= The Body of a Girl =

1972 thriller novel by Michael Gilbert

First edition (UK)

The Body of a Girl is a suspense novel by the British author Michael Gilbert published in England by Hodder and Stoughton and in the United States by Harper & Row in 1972. It was Gilbert's 15th novel and falls into the category of police procedurals, although it is undoubtedly more hard-boiled in tone than the usual procedurals. Its protagonist is a new character from Gilbert, the tough Inspector Bill Mercer, and a secondary character, Chief Superintendent Morrissey, also makes his first appearance. Gilbert, who created many series characters over his long career, later used both of them in various short stories.

==Plot==
Three separate plot elements eventually come together in Body of a Girl. First, New Scotland Yard and high government officials are concerned about an alarming rise in organized gangster activities, particularly from the Crows, and, under the command of Chief Superintendent Morrissey, determine ways to combat it.
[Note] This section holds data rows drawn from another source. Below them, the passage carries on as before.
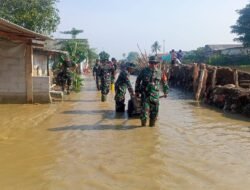 Banjir Bekasi Berangsur Surut, BNPB Kirim Alat Berat dan Logistik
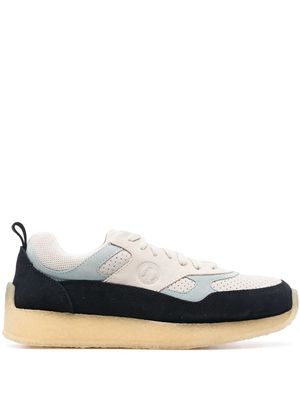 Clarks Originals Lockhill low-top trainers - Blue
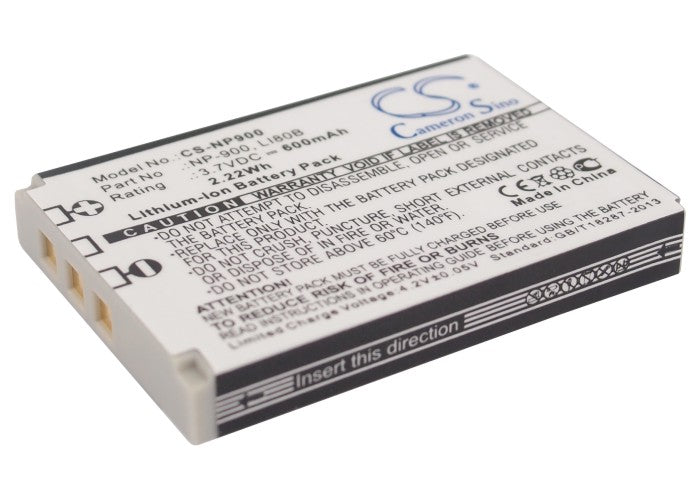 Acer CS 6531N Replacement Battery BatteryClerkcom Camera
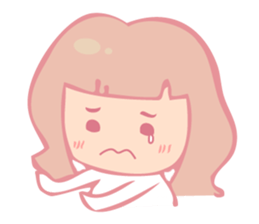 Girl the daily sticker #3587269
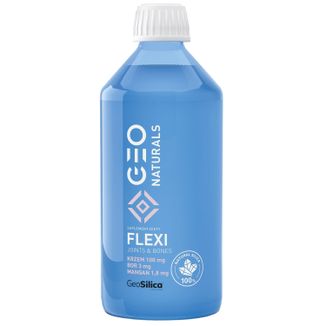 GeoNaturals Silica Flexi, krzem + mangan + bor, 500 ml - zdjęcie produktu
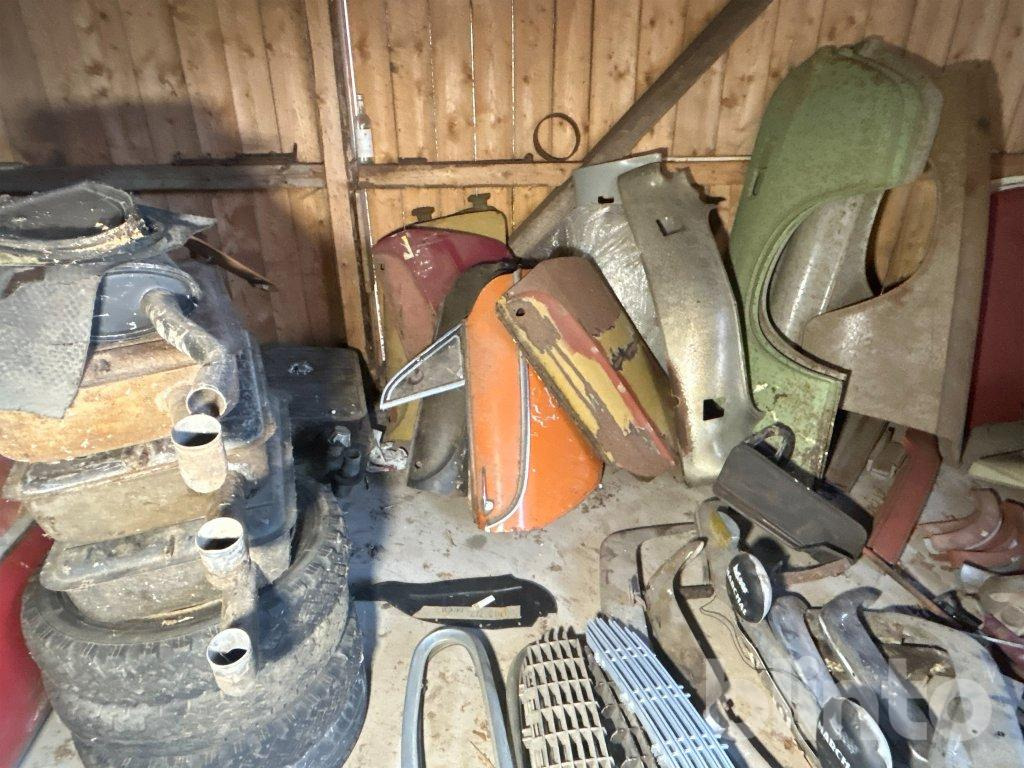 VOLVO P1800 184351 U - سيارة: صورة 5 VOLVO P1800 184351 U - سيارة: صورة 5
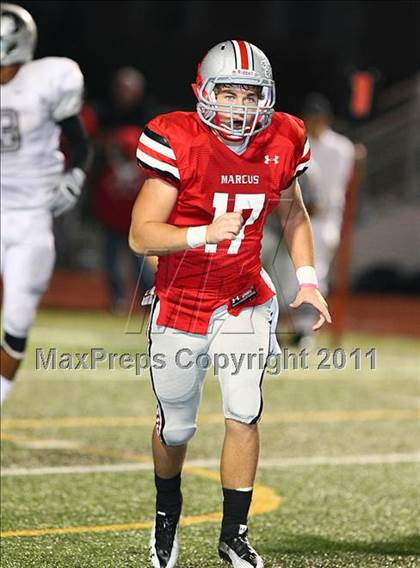 Thumbnail 1 in Guyer @ Marcus ( 5A Division 2 Region 1 Bi-District Playoffs ) photogallery.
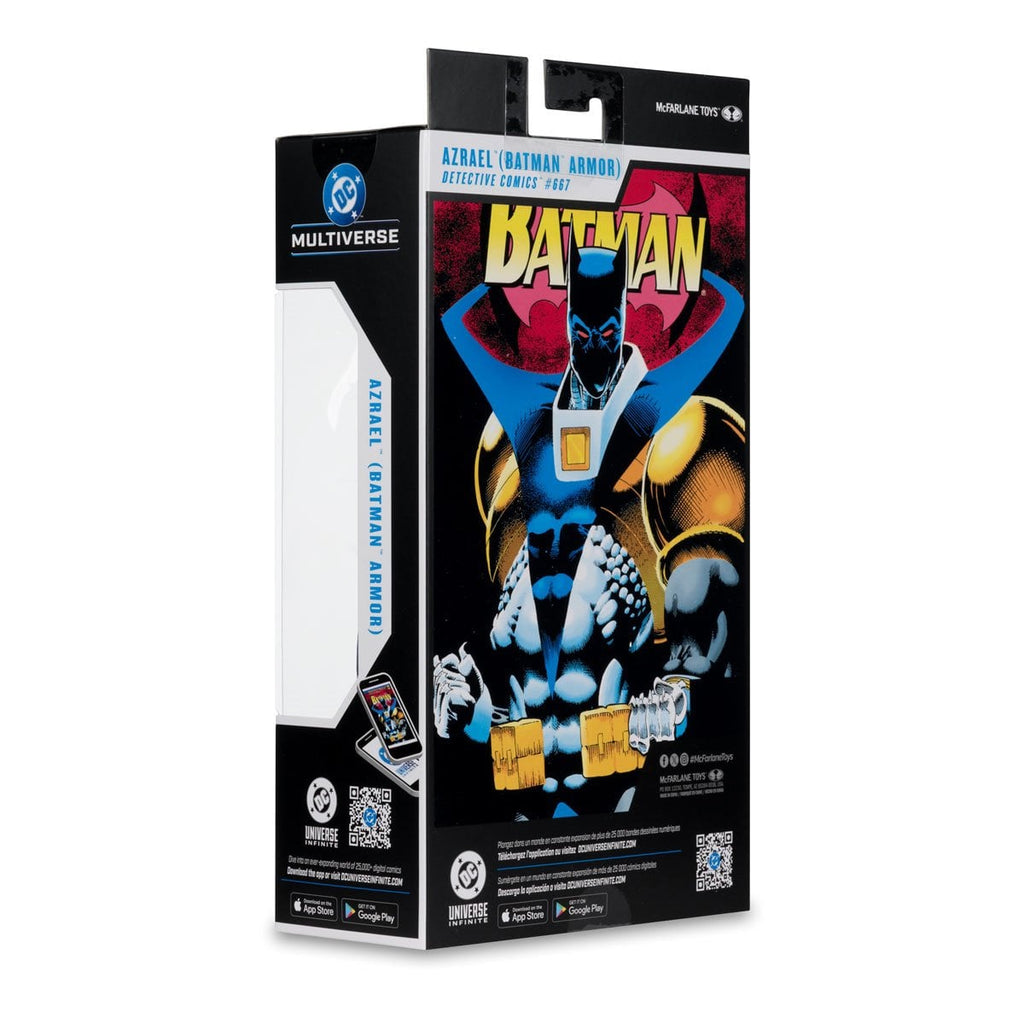 McFarlane DC Multiverse Wave 29 Azrael Batman Armor Detective Comics #667 7-Inch Scale Action Figure
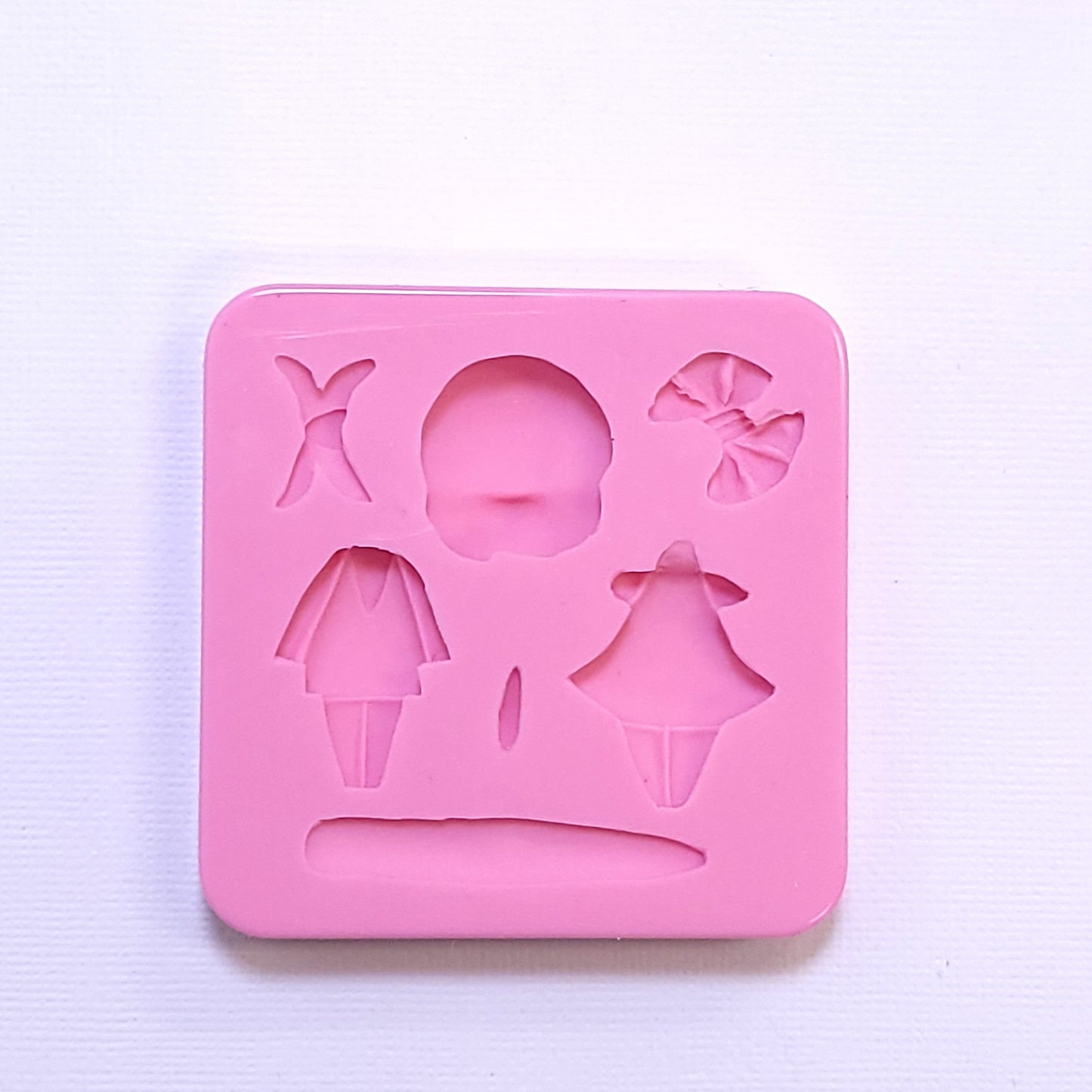 Skeleton Bride Groom Multi Project Silicone Mold MS393 for Cake Resin Crafts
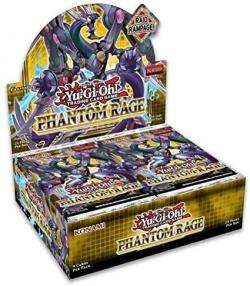 YUGIOH PHANTOM RAGE BOOSTERS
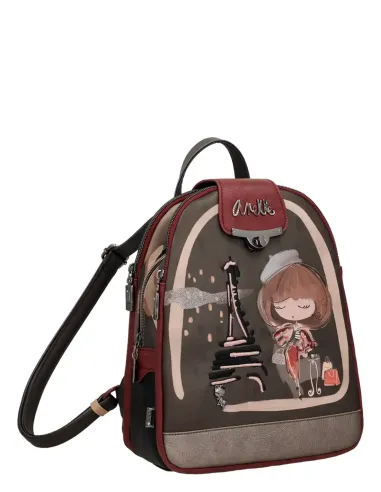 Mochila 3 Compartimentos Anekke Mademoiselle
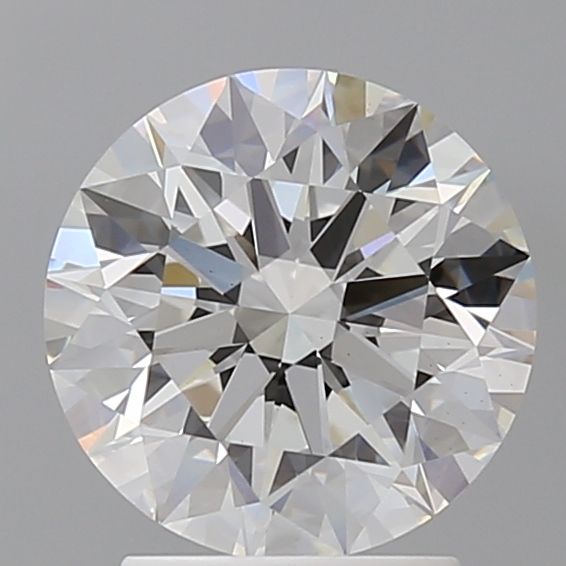 2.54 ct. round Lab Grown Diamond front image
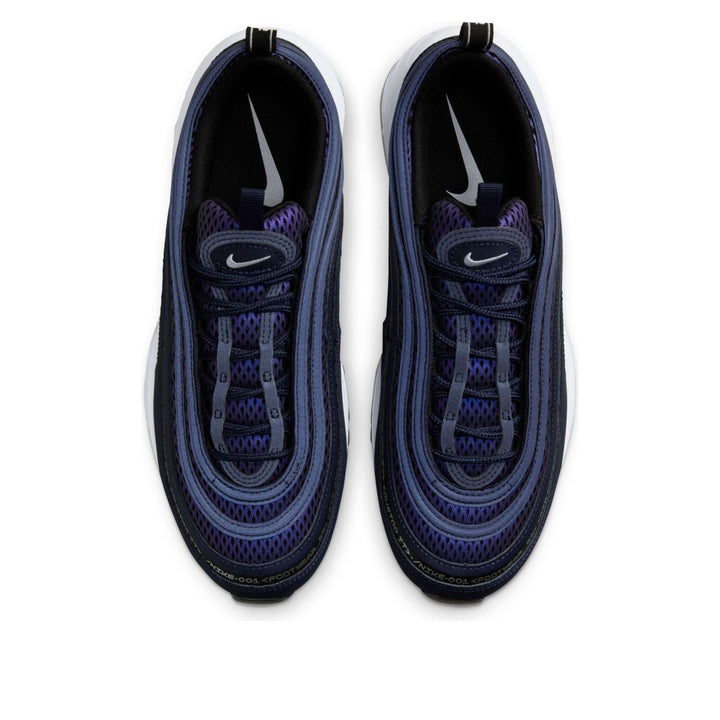 NIKE AIR MAX 97 JUST DO IT PURPLE NAVY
One step, apparently related to this, involves promoting Inspector Bill Mercer to Chief Inspector and posting him to the small city of Stoneferry on Thames, an upriver station of Q Division of the Metropolitan Police. (Q Division, it will be recalled, was the division in which Gilbert's better-known Inspector Patrick Petrella spent most of his career.)

Not long after arriving in Stoneferry, the tough, scar-faced, and rather enigmatic Mercer becomes a drinking companion of John Bull, the one-armed but extremely rugged proprietor of the town's leading garage; somewhat to the puzzlement of his fellow policemen, Mercer takes a peculiar interest in the operations of the garage and in the history of how it came to have its predominant position on the High Street.

The third component also shows up soon after Mercer's arrival: the discovery on a small island in the Thames of the body of a young woman; she has been completely buried and been there long enough now that only her clothes and bones remain. Mercer, as a divisional detective, takes charge of the investigation, supervising the local uniformed branch. Because of a handbag found buried nearby, it becomes nearly certain that the remains are those of Sweetie Sowthistle, a teenage girl who was a well-known and very well-liked local prostitute and who had suddenly vanished two years earlier. An inquest is called to formally identity the remains but, to the chagrin of the local police (and the apparent indifference of Mercer), evidence is unexpectedly introduced to indicate that the victim was a somewhat older woman who could not have been the missing Sweetie.

A second young woman, the clerk from a local solicitor's office, who also apparently left Stoneferry two years earlier is soon brought into the picture but it proves curiously elusive to determine her actual status: Were those her bones in the sand or had she simply moved to London? While Mercer and his fellow policemen attempt to solve this riddle, Mercer's interest in John Bull's garage continues to grow and, in a sudden change in the narrative flow, the story becomes less of a procedural and more of a study in violence as it pivots back to Superintendent Morrissey and his determination to smash the criminal gang the Crows. In a final, carefully planned ambush of the Crows with a deadly shoot-out in London, Mercer plays a key role, bringing him face to face for a final time with John Bull, the one-armed garage proprietor. And then, on the final page, almost as an anti-climax, we learn the apparent story behind the disappearances of the two Stoneferry girls two years before.

As one of Gilbert's editors said after his death in 2006, "He's not a hard-boiled writer in the classic sense, but there is a hard edge to him, a feeling within his work that not all of society is rational, that virtue is not always rewarded.". Such is the case here.

==Reception and/or Appraisal==
Both The New York Times and Kirkus Reviews gave it favorable reviews:

The New York Times: Michael Gilbert's THE BODY OF A GIRL (Harper & Row, $5.95)... is a purely local affair. The action takes place in a small town near London, where the skeleton of a girl has been found. A new chief inspector, who is perhaps not all that he seems to be, takes charge of the case.
Gilbert is a smooth performer. His style is logical and flowing and full of deft touches. “The Body of a Girl” does what a good mystery should do: open up into all kinds of ramifications, with untold menace behind the action. At the end, there is a bang‐up climax, and it is a pleasure to see how skillfully Gilbert wraps everything up.

Kirkus Reviews: THE BODY OF A GIRL BY MICHAEL GILBERT: In the once quiet town of Stoneferry on Thames, newly appointed Chief Inspector William Mercer officiates over the recently discovered skeleton of a girl, relates it wrongly to one Sweetie Sowthistle who had disappeared two years ago, and then to another young woman who had worked for the local solicitor. But then there are the Crows, a criminal organization, and a hot car racket, and a literally one but strong armed bandit called John Bull, and all of this is solidly forcefed in an energetic combination of the traditional and the procedural. Mr. Gilbert is at his professional best.